● **Record extracts**:
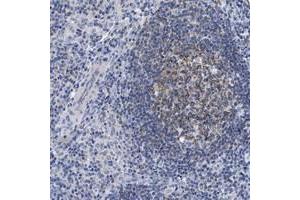 Immunohistochemical staining of human lymph node with LRMP polyclonal antibody  shows moderate cytoplasmic positivity in reaction center cells at 1:500-1:1000 dilution.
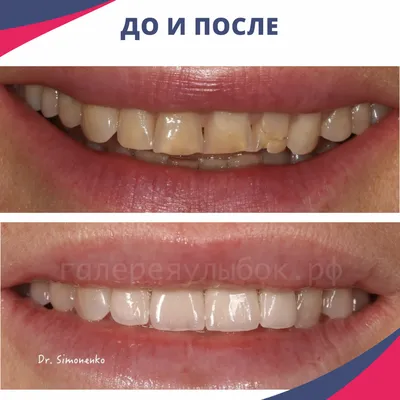 Установка виниров цена на один зуб в Москве для устранения эстетических  дефектов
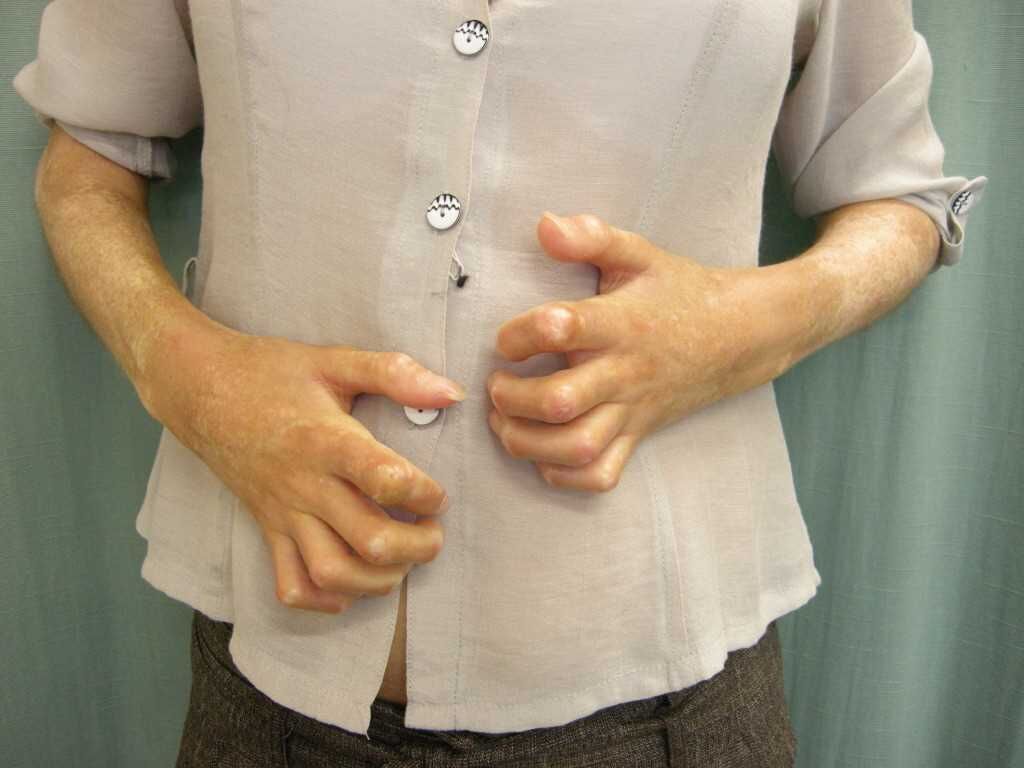 Bilateral Signs of Raynaud Phenomenon in a Patient's Hands. A male patient is exhibiting triphasic color changes in the digits of his hands, indicative of Raynaud Phenomenon.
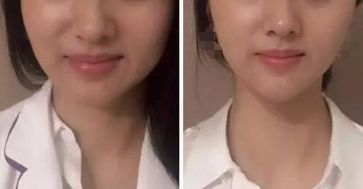 杭州激光祛斑好嗎？哪家激光祛斑的效果好？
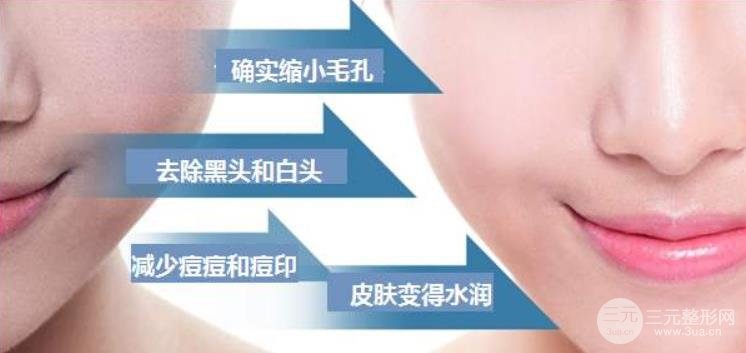 黑脸娃娃什么价格？所有人都适合做黑脸娃娃么~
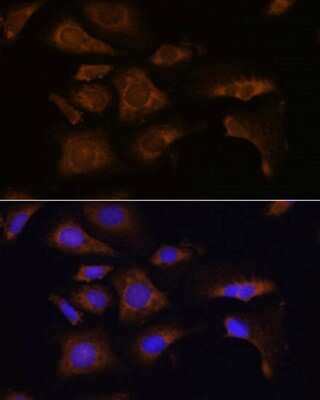 Immunocytochemistry/ Immunofluorescence: RPS25 Antibody - Azide and BSA Free [NBP2-93936]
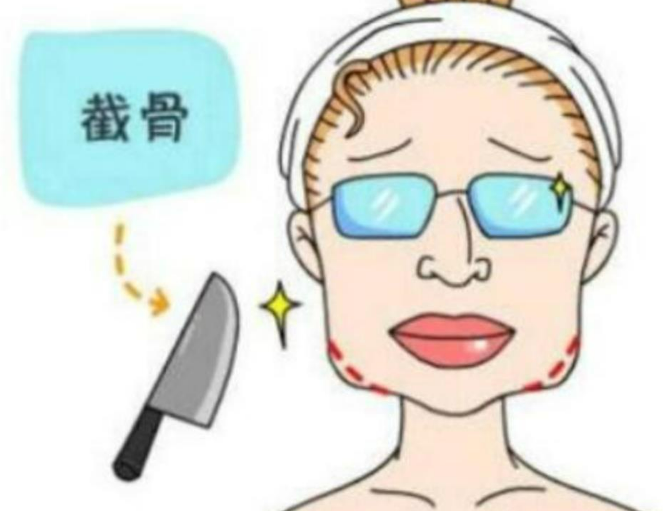 北京华韩医疗美容医院怎么样，术后案例分享，医院口碑测评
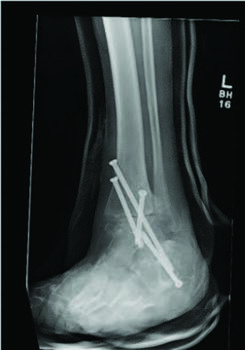 Here one can see radiographic images after the same patient illustrated in the images above ultimately underwent a subtalar and ankle fusion to provide ankle stability and rigidity and prevent complications such as Charcot collapse. The authors inserted all screws percutaneously due to the patient’s tenuous blood flow.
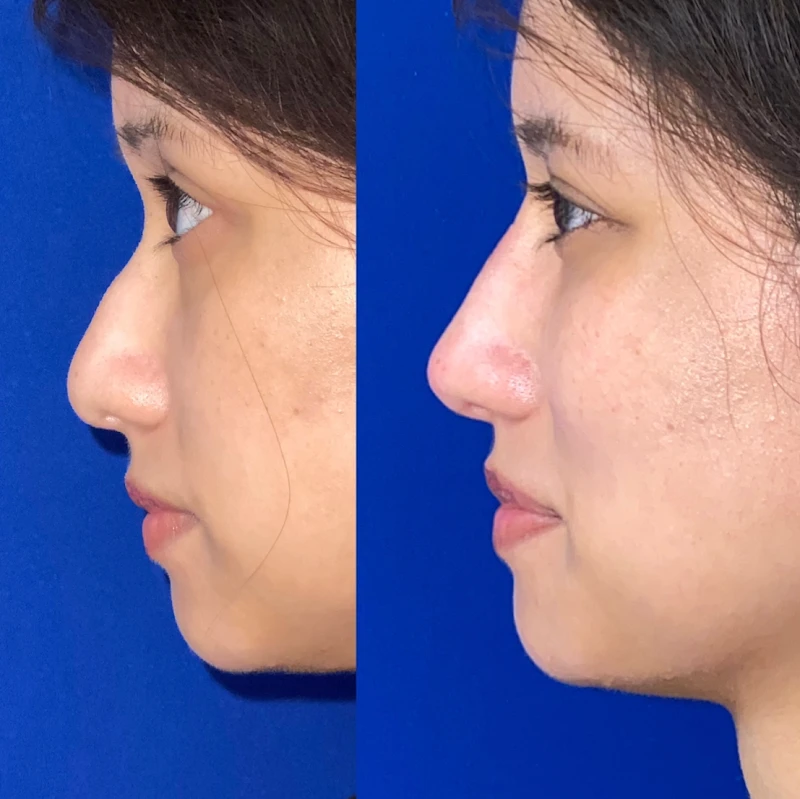 NorCal Plastic Surgery, Walnut Creek, California, 94596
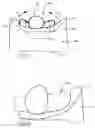 Fig. 05 - Supportive upper body constraint device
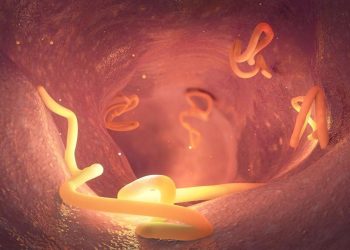 Kasus Cacingan Menurun Kemenkes Ingatkan Pentingnya Mencegah Infeksi Berulang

● **Work instruction**: A faithful, complete copy of the entries is required, without the pictures.

● **Answer**:
 Immunohistochemical staining of human lymph node with LRMP polyclonal antibody  shows moderate cytoplasmic positivity in reaction center cells at 1:500-1:1000 dilution.
 Установка виниров цена на один зуб в Москве для устранения эстетических  дефектов
 Bilateral Signs of Raynaud Phenomenon in a Patient's Hands. A male patient is exhibiting triphasic color changes in the digits of his hands, indicative of Raynaud Phenomenon.
 杭州激光祛斑好嗎？哪家激光祛斑的效果好？
 黑脸娃娃什么价格？所有人都适合做黑脸娃娃么~
 Immunocytochemistry/ Immunofluorescence: RPS25 Antibody - Azide and BSA Free [NBP2-93936]
 北京华韩医疗美容医院怎么样，术后案例分享，医院口碑测评
 Here one can see radiographic images after the same patient illustrated in the images above ultimately underwent a subtalar and ankle fusion to provide ankle stability and rigidity and prevent complications such as Charcot collapse. The authors inserted all screws percutaneously due to the patient’s tenuous blood flow.
 NorCal Plastic Surgery, Walnut Creek, California, 94596
 Fig. 05 - Supportive upper body constraint device
 Kasus Cacingan Menurun Kemenkes Ingatkan Pentingnya Mencegah Infeksi Berulang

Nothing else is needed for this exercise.